True to the typical action script, the monotony of the characters’ backstories suddenly breaks into a lengthy, rambunctious chase. The camera jolts from car to car as a mysterious set of individuals surrounds Frost on all sides but one, making a U.S. consulate his only option for escape. Once the consulate workers realize who just showed up at their door, Frost is shipped to the nearest CIA safe house where Matt Weston is, up until that point, having yet another uneventful day.
Just as a team of interrogators arrives, the small break from action is interrupted yet again by an ambush from the same heavily armed men from the first chase. Despite the film’s on-again-off-again action, Safe House’s intricate plotline sets up each chase with care. Though it takes until the credits to piece together who, indeed, chases whom, the film is fast-paced and witty enough to hold even the most impatient viewer’s attention up to the end.

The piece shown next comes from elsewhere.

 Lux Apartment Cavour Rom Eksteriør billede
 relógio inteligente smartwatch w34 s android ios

Espinosa plays Reynolds and Washington’s dynamic brilliantly, with dialogue more suited to a serious drama. The relationship between the two characters develops rather quickly, but Washington’s seasoned acting eases the abruptness of the characters’ introduction. Both humor and shock arise from the dialogue between the two, and Weston soon regrets his parting words to his supervisor: “How am I supposed to get more experience by staring at four walls all day?” Espinosa reflects Weston and Frost’s opposing anxiety and calm in the musical score, which fluctuates from fast-paced to somber instrumentals. Behind this, a rough but tasteful cinematography rounds out the film’s mood.

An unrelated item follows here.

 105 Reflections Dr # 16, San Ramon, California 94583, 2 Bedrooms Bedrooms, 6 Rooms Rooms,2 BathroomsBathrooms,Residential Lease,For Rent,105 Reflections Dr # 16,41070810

A handful of scenes are stylistically crafted to reveal the calm before the intermittent storms of action. One scene depicts Reynolds walking away from a bathroom, cleaned up, intercut with shots of him quickly changing clothes and haphazardly splashing his face with water. Mixed in are central exchanges between Frost and Weston, heavily reminiscent of Silence of the Lambs dialogues between the infamous Hannibal Lecter and fresh-out-of-the-box FBI agent Clarice Starling. Backed by a strong script, it is difficult to ascertain either’s motives until the movie decides to make the reveals.
Safe House is a heavily stylized, big-budget flick, often packing in the cleverness and action of a Guy Ritchie film while retaining the cool and composed reading of a spy novel—even riding on the dark overtones of a noir at times. Both Reynolds and Washington play their characters excellently, outshining the rest of the cast. While the dialogue goes down smooth, the audience is faced with a jolting aftertaste. Though Frost addresses Weston when he coolly comments, “I’m already in your head,” he might as well be speaking to the audience.